Die Treuhand Hannover ist der Auffassung, dass keine Umsatzsteuer auf die ausgefallenen Forderungen erhoben werden darf. Und sie argumentiert damit, dass die Reaktion der Finanzämter – die Einsprüche abzulehnen – europarechtswidrig sei. Der Europäische Gerichtshof (EuGH) habe in einer Vielzahl von Urteilen entschieden, dass die Umsatzsteuer vom Leistungsempfänger (hier die gesetzliche Krankenversicherung) und nicht vom leistenden Unternehmer (hier die Apotheke) getragen werden muss. Die Höhe der Umsatzsteuer müsse sich am Betrag bemessen, den der leistende Unternehmer vereinnahmt hat. Die entsprechende Vorschrift habe der deutsche Gesetzgeber nach den EuGH-Urteilen im Umsatzsteuergesetz angepasst. Die Finanzverwaltung stützt sich in ihrer Argumentation aber auf eine alte und damit unionsrechtswidrige Fassung des Umsatzsteuergesetzes, erklärt die Treuhand Hannover. Aus diesem Grund klagt die Treuhand nun vor dem Finanzgericht Baden-Württemberg in Stuttgart. Der Prozess läuft bereits, kann sich aber über Monate hinwegziehen, sagte der Steuerberater Franz Nicolas Keil von der Treuhand der PZ.

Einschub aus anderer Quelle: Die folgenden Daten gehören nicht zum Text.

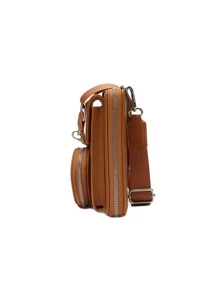 字母装饰手机钱包带零钱包袋单肩包手机壳手机包手拿包轻便，时尚白领上班族大学、工作、商务、通勤、办公室、周年纪念、情侣、生日礼物、情人节礼物、礼物 - 棕色 - 查看 3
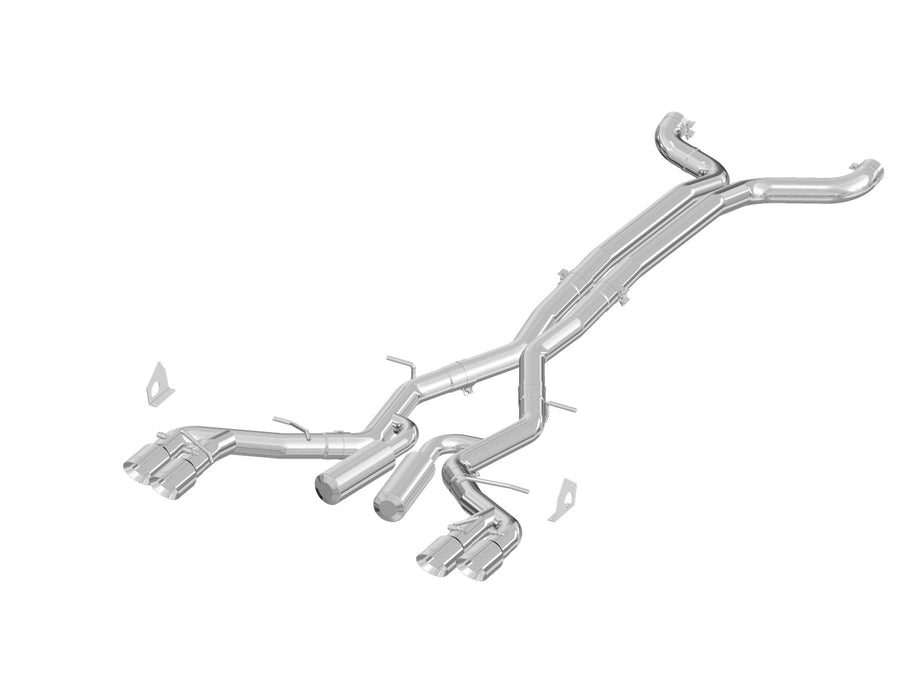 MBRP S7033409 3 Inch Dual Cat Back Exhaust System Quad Tips T409 Stainless Steel Race Version For 16-22 Chevrolet Camaro, V8 6.2L 6 Speed Coupe Only 17-22 Chevrolet Camaro ZL1- Coupe Only MBRP - Truck Part Superstore
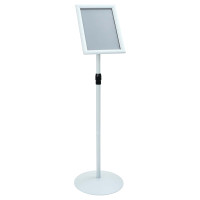 Produktbild för Pedestal affischställ Silver 33 x 33 x 123 cm PVC och stål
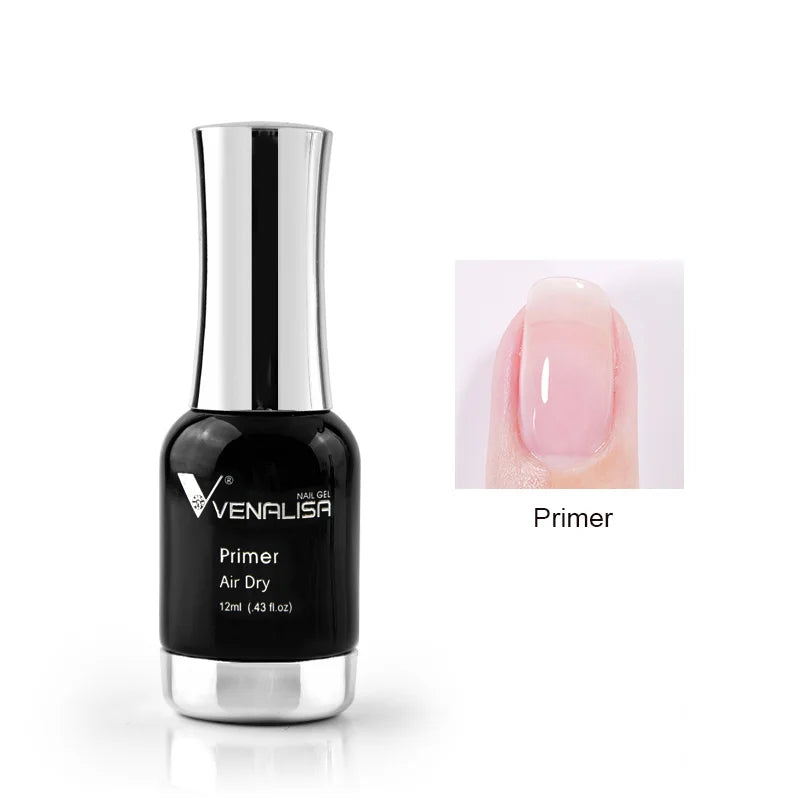 Venalisa-esmalte de Gel con purpurina, laca de Gel UV LED para manicura de uñas, autonivelante, supertextura, capa superior templada Nowipe, 12ml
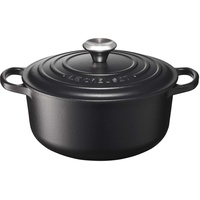 Le Creuset Signature Bräter 20 cm rund schwarz glänzend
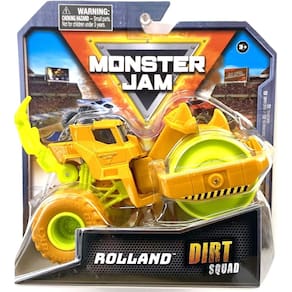 Brinquedo Monster Truck Monster Jam Dirt Squad Rolland Laranja/Verde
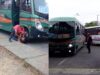 Conductores de buses interurbanos se enfrentan a golpes en el paradero de la comuna de Freire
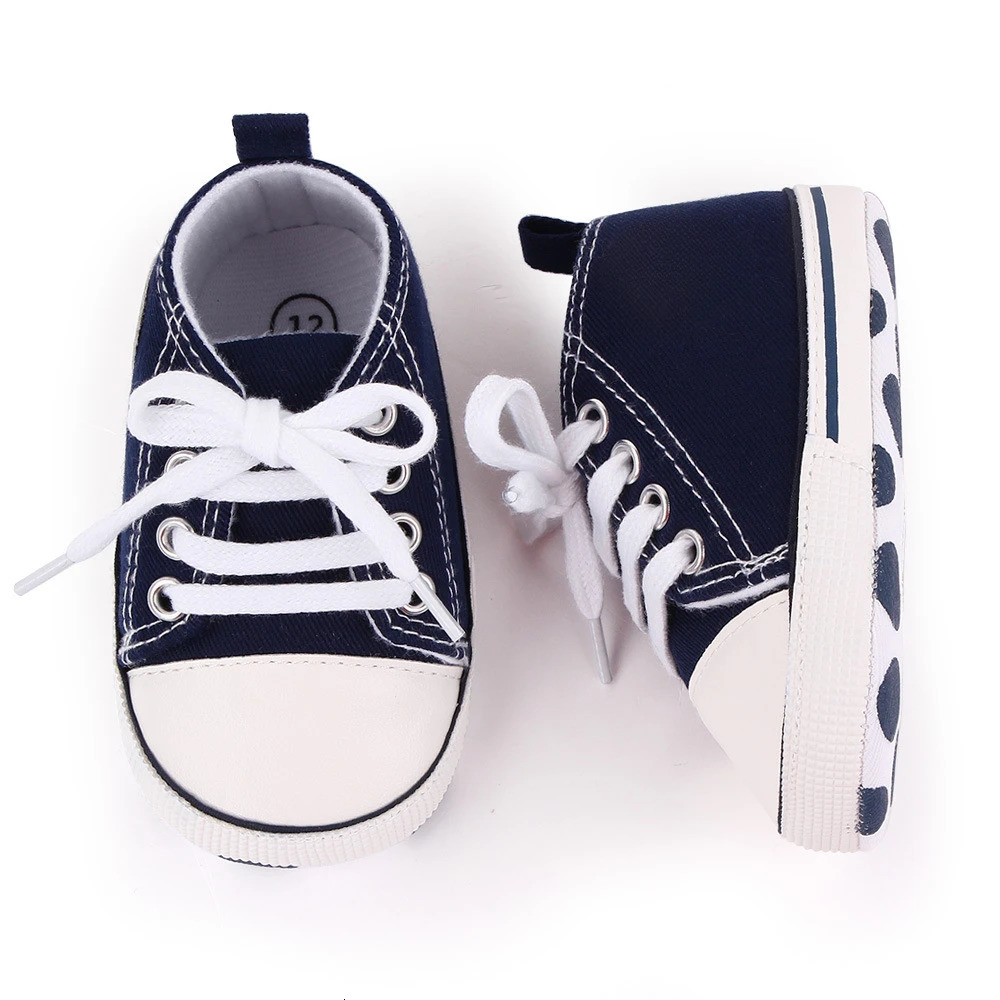 Baby Canvas Classic Sports Sneakers born Boys Girls Print Star First Walkers Shoes Infant Toddler Antislip 240313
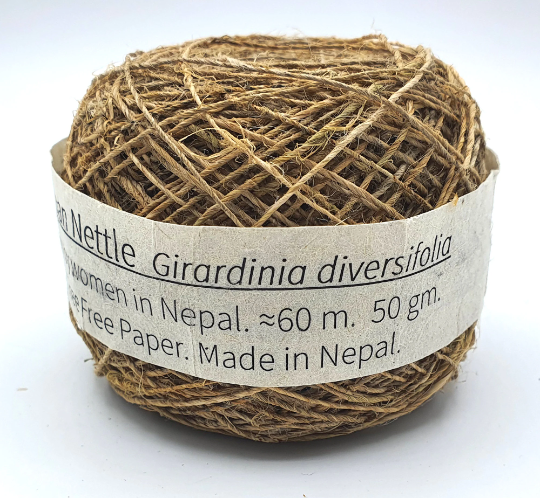 Giant Himalayan Nettle Yarn, Handspun in Nepal.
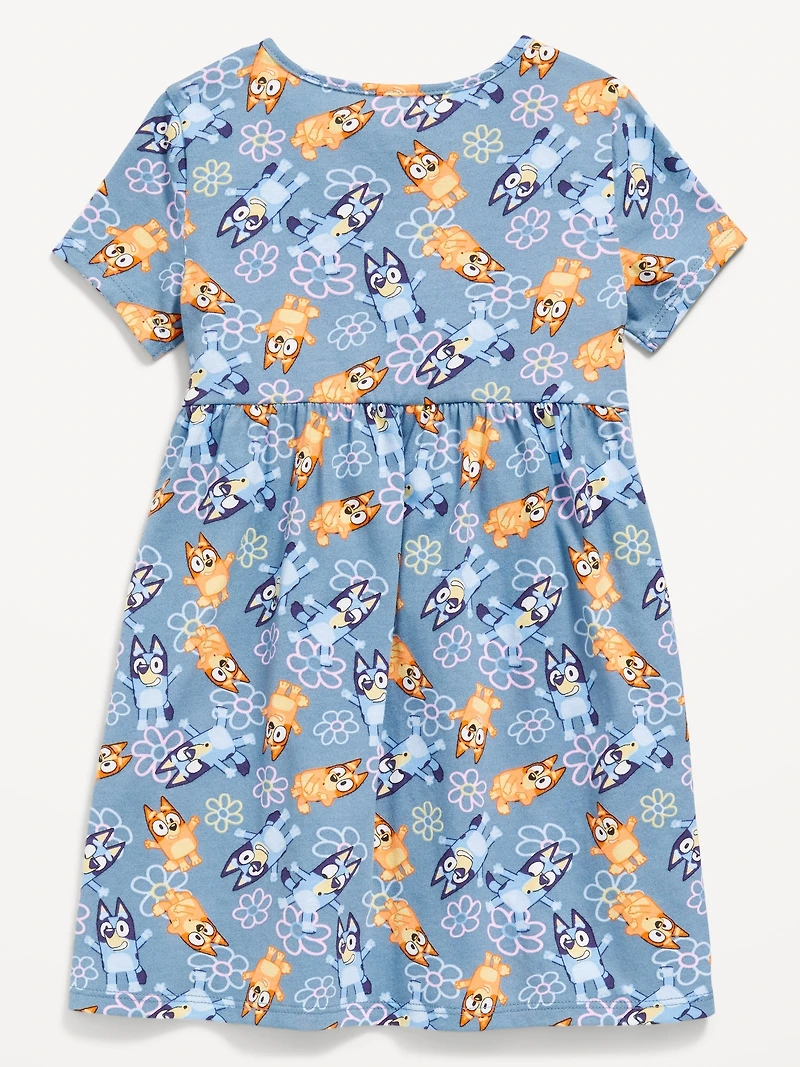 Bluey™ Short-Sleeve Graphic Dress for Toddler Girls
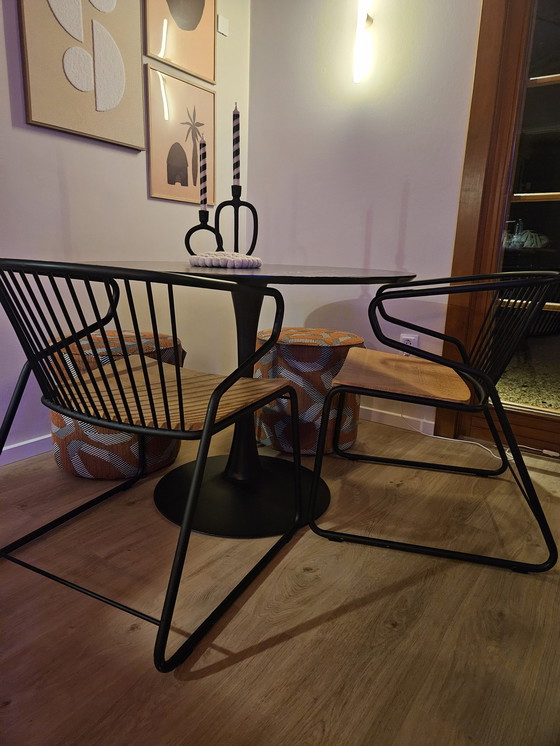 Image 1 of 2X Ethnicraft Gabbia Chairs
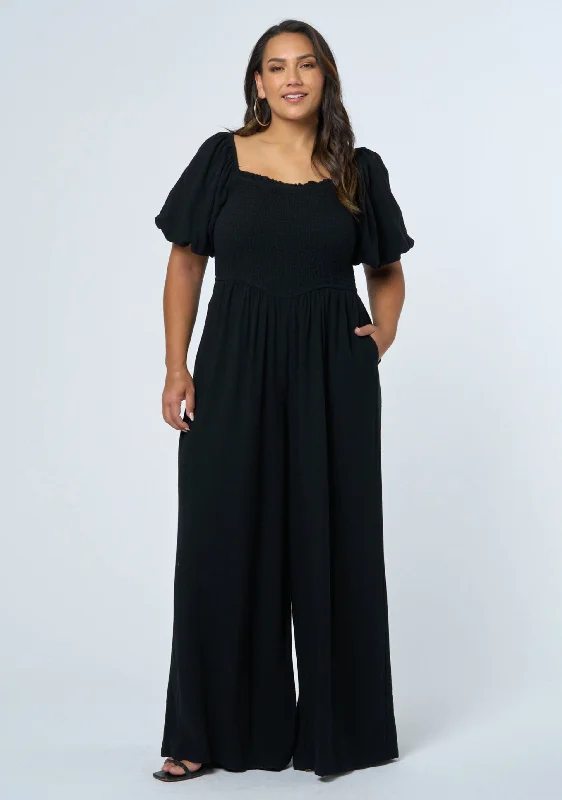 Paint It Black Jumpsuit Sequin jumpsuit, Glamorous, Party wear, Trendy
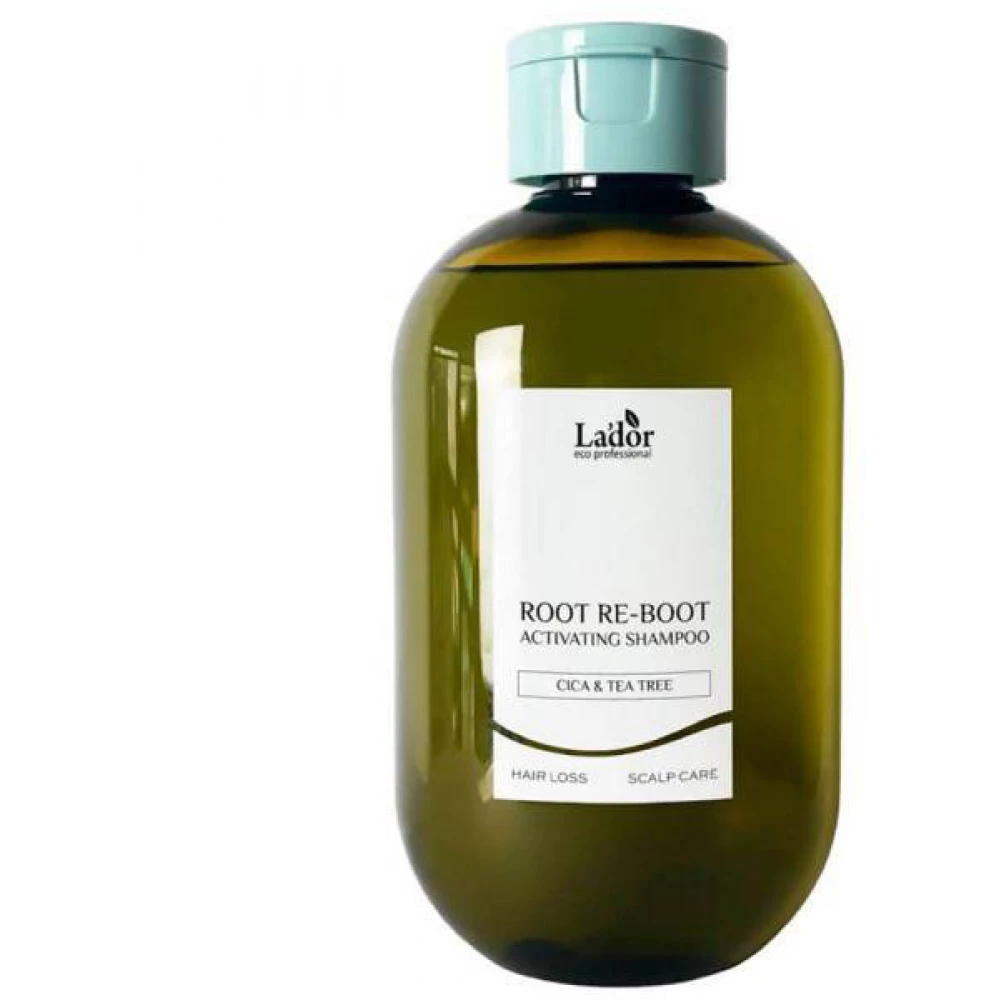 Шампунь для жирной кожи головы Lador Root Re-Boot Activating Shampoo Cica & Tea Tree, 300 мл (8808033021762)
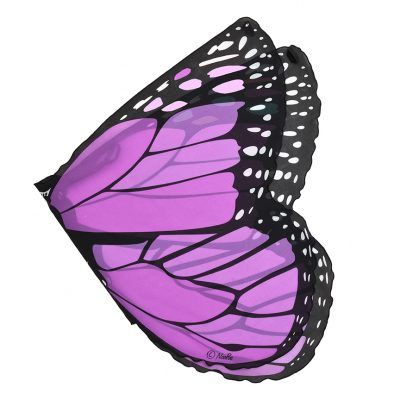 Purple Monarch Butterfly Fantasy Wings
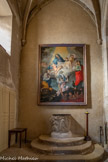 <center>Église Saint-Étienne</center>Les fonts baptismaux.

Das nun angestoßene Verfahren könne damit als eine Art Musterprozess verstanden werden und die Hürden für weitere Klagen gegen den Einzug der Umsatzsteuer für die ausgefallenen Zahlungsmonate anderer Apotheken senken, so Keil. Sprich, falls das Finanzgericht dem Kläger Recht geben sollte, sei mit weiteren Klagen gegen ablehnende Einspruchsentscheidungen zu rechnen.